Wielka wojna na drony. Rosyjski UAV Tachyon wpadł w ręce Ukraińców
Ten mały, powietrzny szpieg miał wskazywać rosyjskim żołnierzom położenie ukraińskich wojsk. Ale od kilku dni dron Tachyon tropi oddziały wojsk Putina.
Od samego początku wojny Rosji z Ukrainą to drony są bronią budzącą największe emocje. Wszystko za sprawą słynnego tureckiego Bayraktara TB2, który zadał Rosjanom bolesne ciosy. Obie strony stosują jednak wiele rodzajów dronów, a niektóre pełnią rolę jedynie rozpoznawczą. Jeden z takich bezzałogowców trafił właśnie w ręce Ukraińców, o czym poinformowali w mediach społecznościowych. To rosyjski "Tachyon", który konstrukcją przypomina słynny amerykański samolot B2 Spirit, czyli "latające skrzydło".
Razem z dronem Ukraińcy przejęli także nadajnik i panel sterujący.
Cel: szpiegować wroga
Tachyon UAV to prosty dron, który jest wystrzeliwany w powietrze za pomocą gumowej katapulty. Po wykonanym zadaniu dron powraca do operatora, a następnie wyrzuca spadochron i tak bezpiecznie ląduje na ziemi.
Bezzałogowiec został specjalnie zaprojektowany do działania w trudnych warunkach klimatycznych. Może być wyposażony w kamerę wideo, kamerę termowizyjną i inny sprzęt do obserwacji. Waży 25 kilogramów, jego długość nie przekracza 61 cm, a rozpiętość skrzydeł wynosi dwa metry. Potrafi wykonywać zadania we dnie i w nocy, a jego zasięg to 40 kilometrów.

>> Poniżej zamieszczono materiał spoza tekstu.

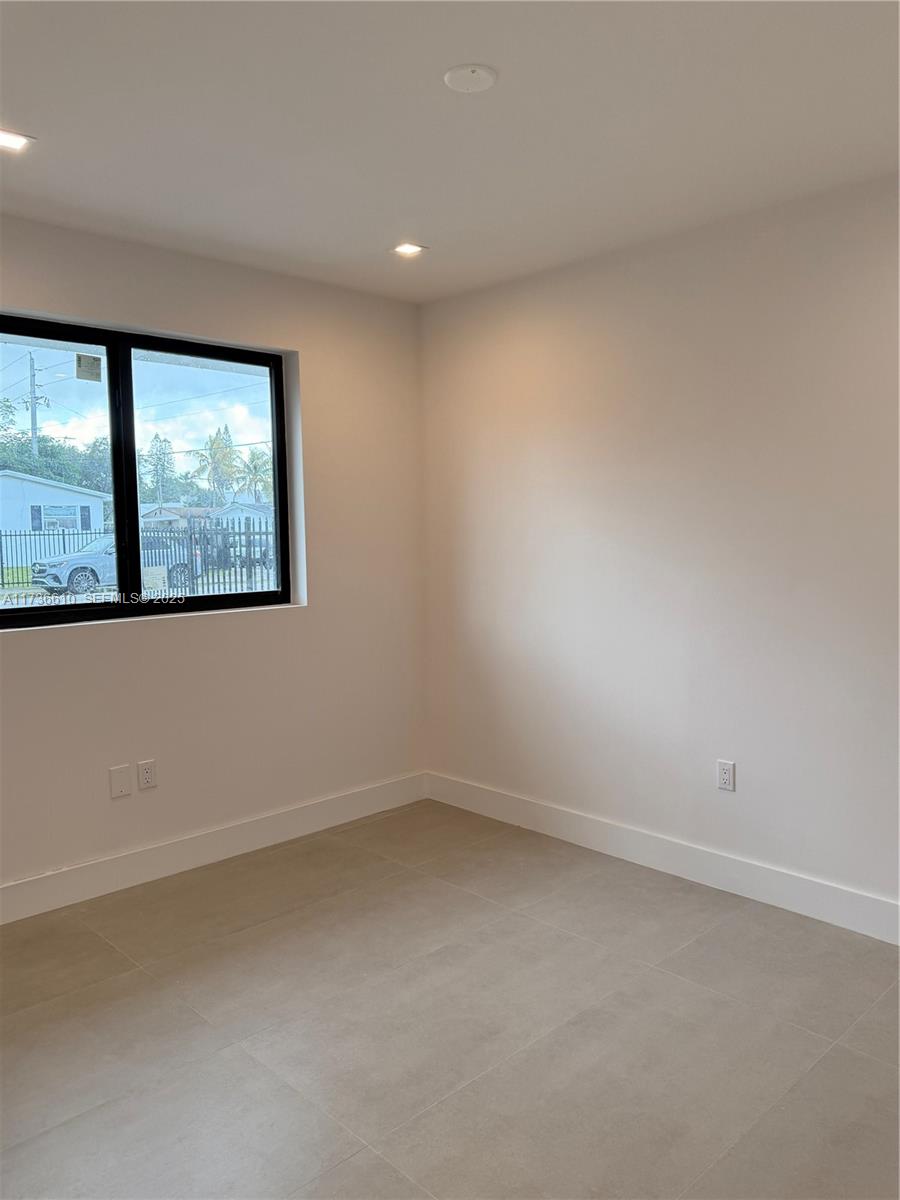 A11736610 Property Photo 9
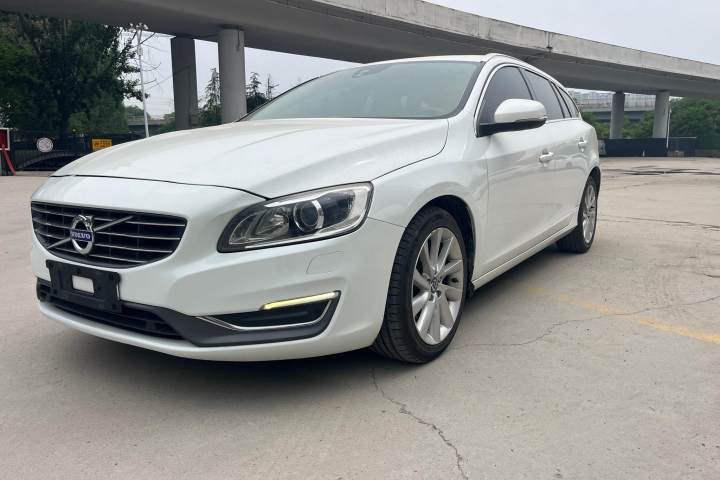 沃尔沃 V60 改款 T5 智逸版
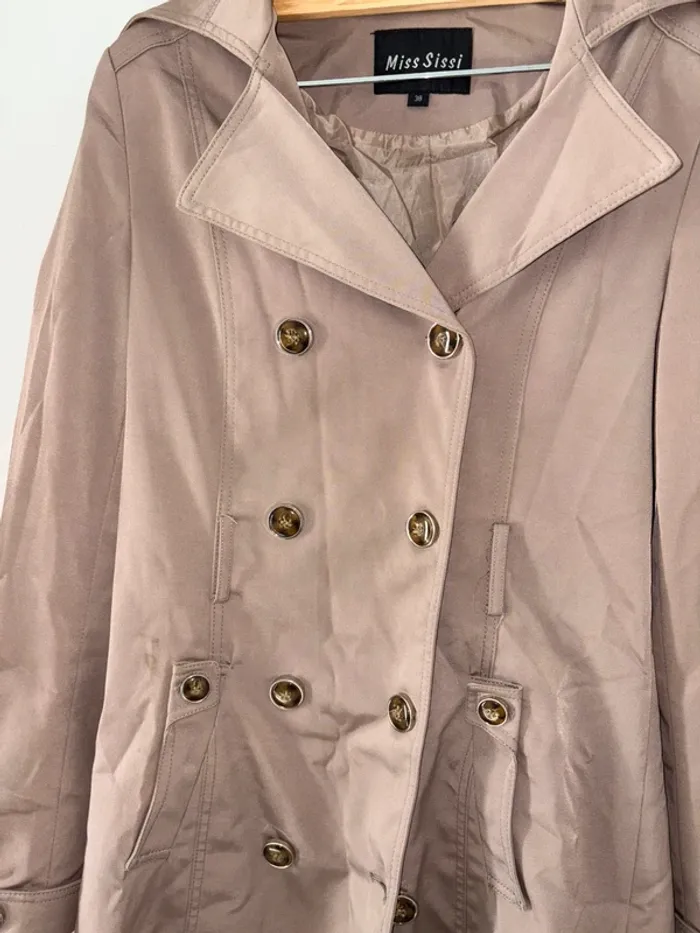 Trench femme taille 38 beige en très bon état - photo numéro 5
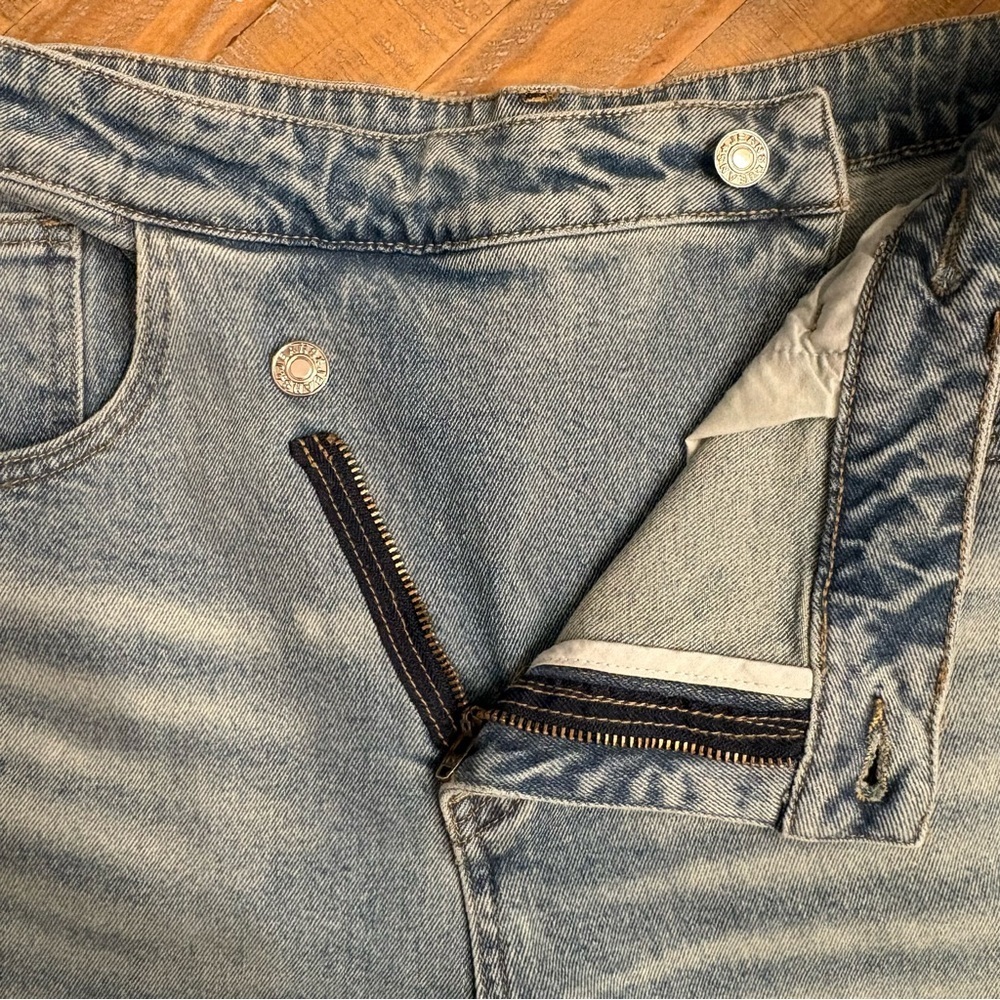 Commence Asymmetric Waist Wide-Leg Jeans Light Wash Size Medium - Picture 7 of 9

Napęd drona to silnik elektryczny, który potrafi rozpędzić Tachyon UAV do prędkości 120 kilometrów na godzinę. Osiąga wysokość lotu do 4 kilometrów. W powietrzu utrzymuje się bez problemu ponad dwie godziny.

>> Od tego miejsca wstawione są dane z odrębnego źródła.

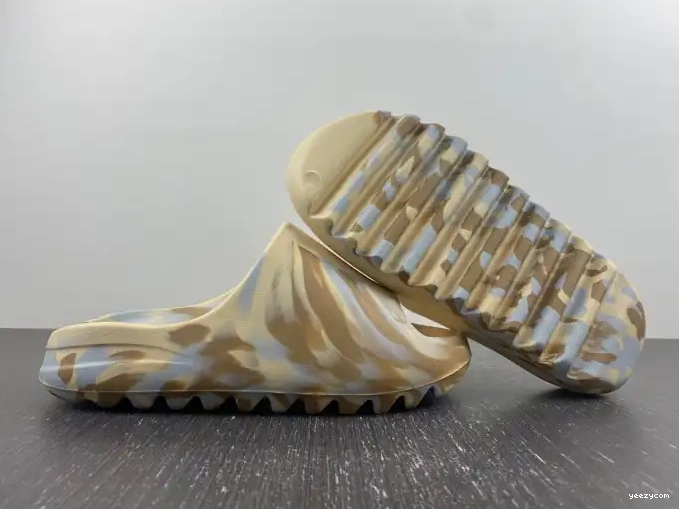Adidas Yeezy GW1932 Slide 0531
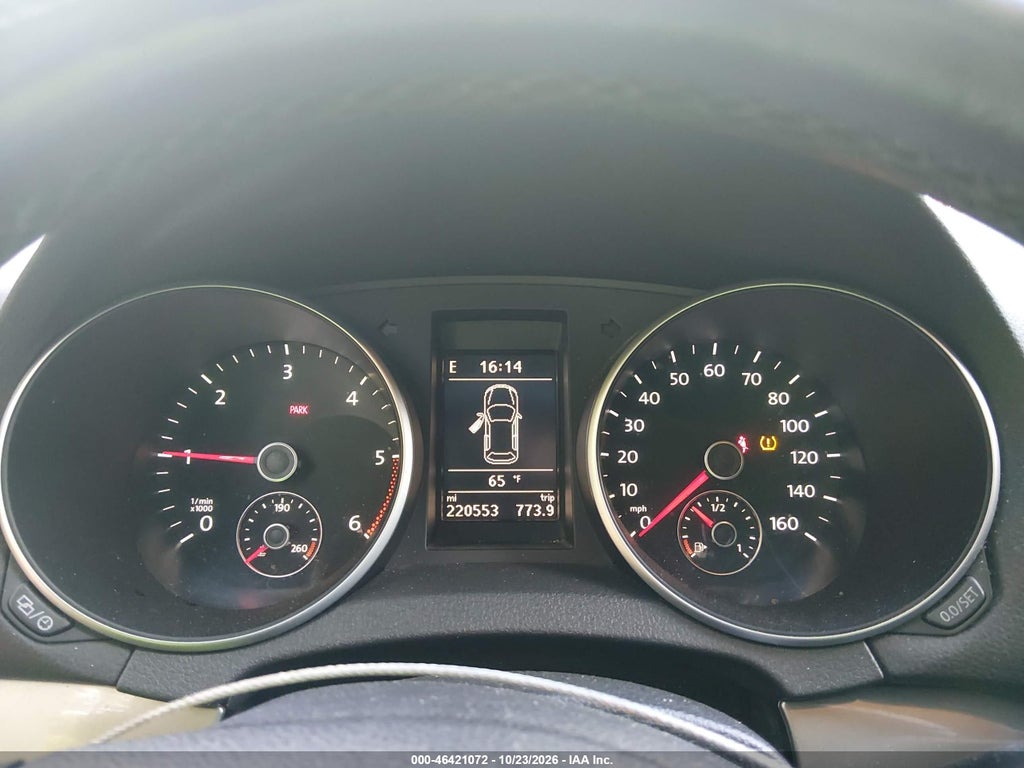 2013 Volkswagen Golf 2.0L TDI 4-Door photo 7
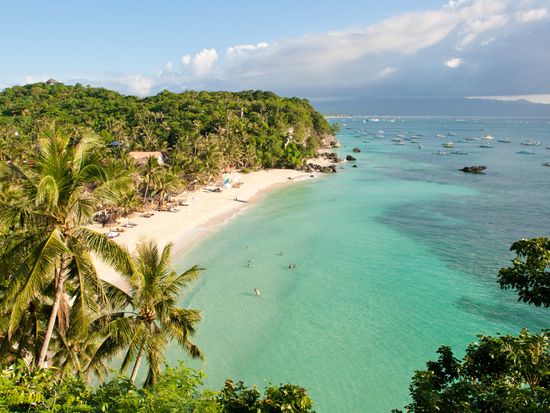 Island_Diniwid Beach_AdobeStock_31250113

Przejęcie drona z nadajnikiem to podczas wojny w Ukrainie raczej rzadkość. Najczęściej drony są zestrzeliwane przez obronę przeciwlotniczą. Tak swój żywot zakończył UAV Orlan-10, który został zestrzelony przez siły ukraińskie w Nowoworoncowce w obwodzie chersońskim.
Trzeba przyznać, że w mediach społecznościowych "wojnę na drony" jak na razie zdecydowanie wygrywa Ukraina.